Lab 2: Simple Fifo, FFT Pipeline and elasticity

Lab 2 due date: Monday, September 25, 2017, at 11:59:59 PM EDT.

Your deliverables for Lab 2 are:

Introduction

In this lab the goal is to build up different versions of the Fast Fourier Transform (FFT) module. This module is described in detail in "L0x", titled FFT: An example of complex combinational circuits, which was given in a previous version of this class. You'll find the presentation as a [pptx] or a [pdf].

But before the FFT, we will do a warm up with Fifos. Then you will implement an inelastic pipeline implementation of the FFT using registers between each stage. Finally, you will implement an elastic pipeline implementation of the FFT using FIFOs between each stage.

Fifo

The posted FFT presentation assumes that we have Fifos with guards. Guards on enq, deq, and first prevent the rules enclosing calls of these methods from firing if the guards on the methods are not met. Because of this assumption, the code in the presentation uses enq, deq, and first without checking if the FIFO is notFull or notEmpty.

The syntax for a guard on a method is shown below:

method Action myMethodName(Bit#(8) in) if (myGuardExpression);
    // method body
endmethod

myGuardExpression is an expression that is True if and only if it is valid to call myMethodName.
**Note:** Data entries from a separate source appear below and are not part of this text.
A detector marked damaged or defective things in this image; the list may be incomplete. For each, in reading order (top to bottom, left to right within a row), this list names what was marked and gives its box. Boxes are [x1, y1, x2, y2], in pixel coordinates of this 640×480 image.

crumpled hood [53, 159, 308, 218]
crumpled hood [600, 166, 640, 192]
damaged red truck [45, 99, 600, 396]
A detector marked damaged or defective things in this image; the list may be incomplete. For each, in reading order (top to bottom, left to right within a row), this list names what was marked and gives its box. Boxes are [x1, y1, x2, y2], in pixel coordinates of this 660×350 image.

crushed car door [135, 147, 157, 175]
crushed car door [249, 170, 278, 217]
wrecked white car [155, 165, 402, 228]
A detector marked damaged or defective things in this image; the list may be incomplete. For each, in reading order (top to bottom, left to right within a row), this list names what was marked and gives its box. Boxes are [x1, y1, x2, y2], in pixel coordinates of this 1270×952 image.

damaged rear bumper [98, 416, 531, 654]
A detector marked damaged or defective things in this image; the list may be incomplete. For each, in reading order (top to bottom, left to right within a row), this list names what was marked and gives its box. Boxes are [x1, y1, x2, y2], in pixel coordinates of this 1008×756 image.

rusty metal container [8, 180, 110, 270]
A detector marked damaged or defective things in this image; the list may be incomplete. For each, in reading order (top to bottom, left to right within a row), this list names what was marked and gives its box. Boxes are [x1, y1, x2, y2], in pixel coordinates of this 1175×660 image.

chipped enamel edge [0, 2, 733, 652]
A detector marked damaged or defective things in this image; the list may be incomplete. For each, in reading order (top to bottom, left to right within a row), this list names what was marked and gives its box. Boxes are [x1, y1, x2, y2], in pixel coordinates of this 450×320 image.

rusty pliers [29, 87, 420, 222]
If myMethodName is going to be used in a rule the next time it is fired, the rule will be blocked from executing until myGuardExpression is True.

Exercise 1 (10 Points): Completes the code in Fifo.bsv to implements a 3-elements fifo with properly guarded methods. Feel free to take inspiration from the class slides. The interface defined in Fifo.bsv tells you the type of the methods (enq, deq, first) that your module should define.

Data types

Multiple data types are provided to help with the FFT implementation. The default settings for the provided types describe an FFT implementation that works with an input vector of 64 different 64-bit complex numbers. The type for the 64-bit complex data is defined as ComplexData. FftPoints defines the number of complex numbers, FftIdx defines the data type required for accessing a point in the vector, NumStages defines the number of stages, StageIdx defines a data type to access a particular stage, and BflysPerStage defines the number of butterfly units in each stage. These type parameters are provided for your convenience, feel free to use any of these in your implementations.

It should be noted that the goal of this lab is not to understand the FFT algorithm, but rather to experiment with different control logics in a real-world application. The getTwiddle and permute functions are provided with the testbench for your convenience. However, their implementations are not strictly adhering to the FFT algorithm, and may even change later. It would be beneficial to focus not on the algorithm, but on changing the control logic of a given datapath in order to enhance its characteristics.

Butterfly unit

The module mkBfly4 implements a 4-way butterfly function which was discussed in the presentation. This module should be instantiated exactly as many times as you use it in your code.

interface Bfly4;
    method Vector#(4,ComplexData) bfly4(Vector#(4,ComplexData) t, Vector#(4,ComplexData) x);
endinterface

module mkBfly4(Bfly4);
    method Vector#(4,ComplexData) bfly4(Vector#(4,ComplexData) t, Vector#(4,ComplexData) x);
        // Method body
    endmethod
endmodule

Different implementations of the FFT

You will be implementing modules corresponding to the following FFT interface:

interface Fft;
    method Action enq(Vector#(FftPoints, ComplexData) in);
    method ActionValue#(Vector#(FftPoints, ComplexData)) deq();
endinterface

The modules mkFftCombinational, mkFftInelasticPipeline, and mkFftElasticPipeline should all implement a 64-point FFT which is functionally equivalent to the combinational model. The module mkFftCombinational is given to you. Your job is to implement the other 2 modules, and demonstrate their correctness using the provided combinational implementation as a benchmark.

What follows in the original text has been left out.